一見すると派手なデジタル職業ですが、実際のところは、地道な積み重ねが大変に重要な仕事だと言えるでしょう。
2-2. 子どもたちが憧れる理由
そんな積み重ねが重要なYouTuberやゲームクリエイターが子どもたちに人気の理由は、まず「自分の好きなこと」ということです。
ゲームが好きだからゲーム実況をする、面白いことが好きだからエンタメ動画を配信する、絵を描くのが得意だからキャラクターをデザインするといったように、自分の趣味や特技が直接仕事に結びついているように見えることが大きな魅力となっているようです。
また、YouTuberはテレビの芸能人よりも身近な存在として子どもたちの目に映っていることもポイントです。
そこから、手軽さや、自分の創造性を発揮した動画がバズれば一躍有名人になれるチャンスがあり、アイデアと発信力次第で誰でも挑戦できる門戸の広さが人気を後押ししています。「自分にもできるかもしれない」という期待が、小学生たちの心を捉えているのではないでしょうか。
「影響力があって、人気者になれる」職業に小学生は憧れを持つのかもしれません。
2-3. なぜ、エンジニアが不人気に...?
かつては人気だったエンジニアやプログラマですが、近年は小学生の「なりたい職業」ランキングで上位に入ることが少なくなっています。その理由として、まず「仕事内容のイメージのしにくさ」があると思います。大人でも、何をしているのかイメージしづらく、仕事内容を一言で説明するのが難しい側面があります。
また、いわゆるオタクや(悪い方の)ハッカーと結びつけられてしまい、エンジニアの仕事が「暗い」「地味」「難しそう」「人とあまり関わらない」といったイメージを持たれやすくなっていることも影響している気がします。そういった「偏見」が子どもたちの間に生まれてしまっている可能性があります。
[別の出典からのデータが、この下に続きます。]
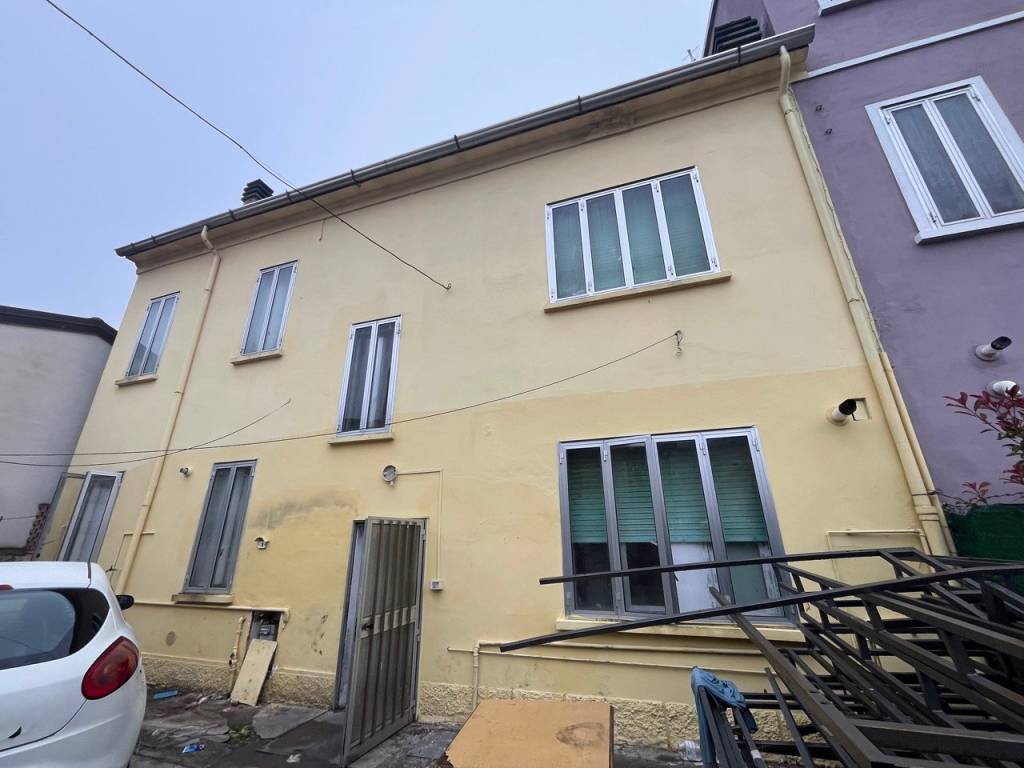 casa indipendente in vendita a Suzzara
仕事内容だけでなく、成果が目に見えにくく、テレビやSNSで取り上げられる機会が少ないことも、憧れの対象になりにくい要因かもしれません。しかし実際には、エンジニアやプログラマは社会を支える重要な仕事であり、革新的な技術を開発したり、多くの人々の生活を便利にしたりと、非常に重要でやりがいのある仕事です。しかし、その魅力が子どもたちに十分に伝わっていないのが現状といえるでしょう。
3. 子どもたちの夢と大人の現実のギャップ
3-1. 職業に対するイメージと実態の違い
子どもたちが抱く職業のイメージは、実際の仕事内容や働き方とは大きく異なることが少なくありません。
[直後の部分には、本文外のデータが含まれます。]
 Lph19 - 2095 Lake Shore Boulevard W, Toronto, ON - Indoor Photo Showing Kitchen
例えばYouTuberは「好きなことだけして楽しく稼げる」と思われがちですが、上で述べたように実際は動画の企画や編集、ネタ探し、視聴者とのコミュニケーション、炎上リスクへの対応など、多くの努力やストレスが伴っています。
安定した収益を得られるようになるまでには長い時間がかかります。YouTubeの運営会社であるGoogleによると、YouTuberとして収入を得るには、登録者数が1,000人を超え、再生時間が年間4,000時間を超えるなどする必要があります。一言でいうと簡単ではありません。YouTubeの統計によれば、100万人以上の登録者を持つ日本の人気YouTuberは全体の0.01%未満とされています。
YouTube パートナー プログラムの概要と利用資格
1. チャンネル登録者数が 1,000 人以上で、直近 12 か月間の有効な公開動画の総再生時間が 4,000 時間以上である。または
2. チャンネル登録者数が 1,000 人以上で、直近 90 日間の有効な公開ショート動画の視聴回数が 1,000 万回以上である。
出典:YouTubeヘルプ
スポーツ選手も同様です。試合で活躍する華やかな姿ばかりが注目されますが、その陰には幼い頃からの厳しい練習の積み重ねとケガとの戦い、集団競技であれば熾烈なレギュラー争いなどがあります。プロとして成功し、長く活躍し続けられる選手はごく一部であり、引退後のキャリア設計(セカンドキャリア)という大きな課題も待ち受けています。小学生女子が憧れる「芸能人」のいる芸能界の厳しさは言わずもがなでしょう。
3-2. 現在のキャリア教育は?
近年のキャリア教育は、従来の「大人の背中を見て憧れる」スタイルから、子どもたち自身がさまざまな職業を知り、体験し、考える機会を重視する方向へと変化しています。例えば、プログラミング教育の必修化や、職業体験イベント、オンラインでの職業インタビューなど、子どもたちが多様な仕事に触れる機会が増えています。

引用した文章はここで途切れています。